How Do Courts Divide a Marital Business in a Maryland Divorce
The short answer is, they do not. Martial property is defined as “the property, however titled, acquired by 1 or both parties during the marriage.” Maryland Code, Family Law § 8-201(3). This includes a marital business acquired by one or both of the parties during the marriage. For more information on marital property division during a divorce proceeding see our Marital Property Blog from August 19, 2009 . Many times the issue of how to solve the ‘division’ of a martial business in a divorce proceeding is a complicated one due to stock ownership, the value of the business, and consideration of employees of the business.
In accordance with Maryland Code, Family Law § 8-202 (b) when the court determines the ownership of personal or real property, the court may: (1) grant a decree that states what the ownership interest of each party is; and (2) as to any property owned by both of the parties, order a partition or a sale instead of partition and a division of the proceeds. A business is not real or personal property and due to how the stock of the company is held, a sale of the business may not always be a viable option. In the recent case of Turner v. Turner, 147 Md. App. 350 (2002) the Court of Special Appeals found that they could not order sale of the marital business or partition (divide) the marital business, awarding wife 50% of the business, because the husband owned 87% of the shares of stock in the company and Wife owned the remaining shares. The court does not have the authority to re-title stock and does not have the authority to sell it. Therefore in Turner, the court awarded the wife a larger percentage of the parties total value of marital property (a monetary award). What this means is that when a marital business is an issue and stock is held by both husband and wife, but titled individually, in addition to divorce proceedings, an action to dissolve the corporation may also be necessary if parties are unable or unwilling to continue to work/ run the business together.

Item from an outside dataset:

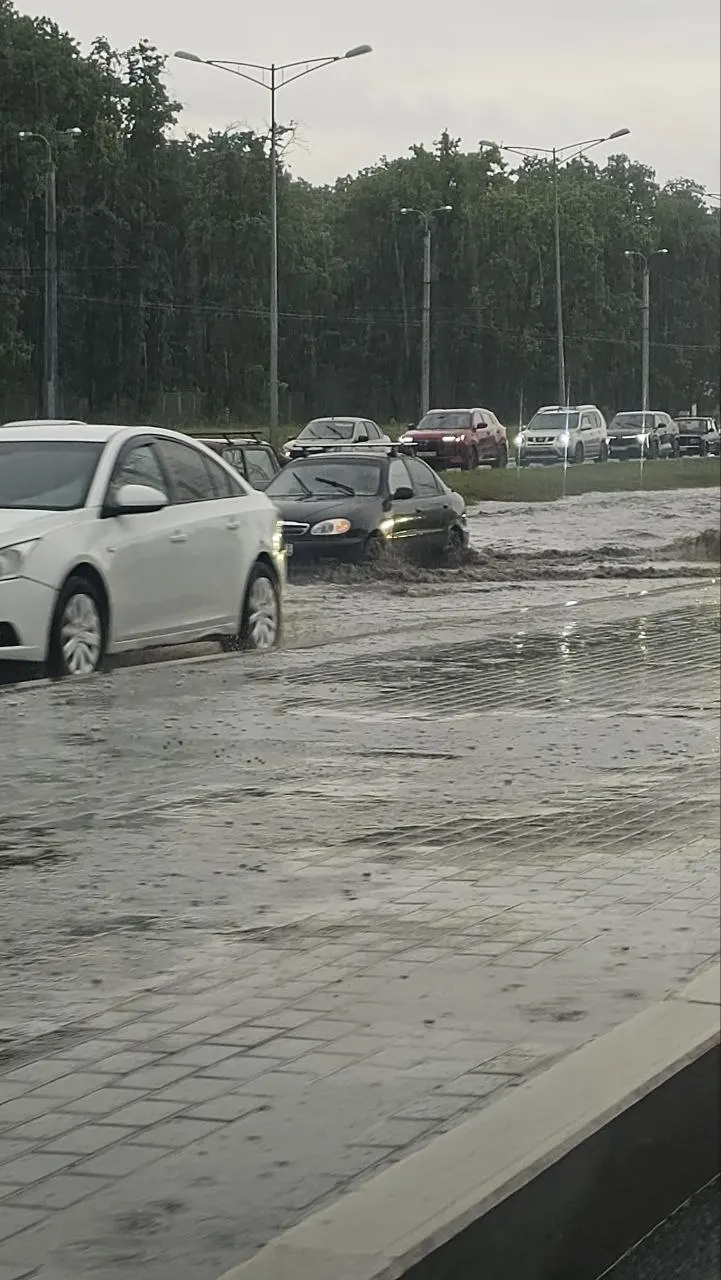 Перед Ракитовским на Московском шоссе образовалась большая лужа, которая затрудняет движение. Жители интересуются, работают ли ливнёвки.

I recently settled a case, where the husband and wife started a business during the marriage and each party owned 50% of the stock individually. So while the business itself was marital and the individually held stock was also martial, the court would not have been able to sell the business though the divorce proceedings, unless agreed upon by the parties. Ultimately, my client bought out the other spouses interest, after months and months of negotiation. However, in the event a resolution had not been reached, the parties would have had to puruse a corporate dissolution proceeding with respect to the business. If you chose to start a business with your spouse, a simple way to avoid the pitfalls above is to title each share of stock jointly. By titling it to both parties, the Court, through the divorce proceeding, will have the authority to sell the asset.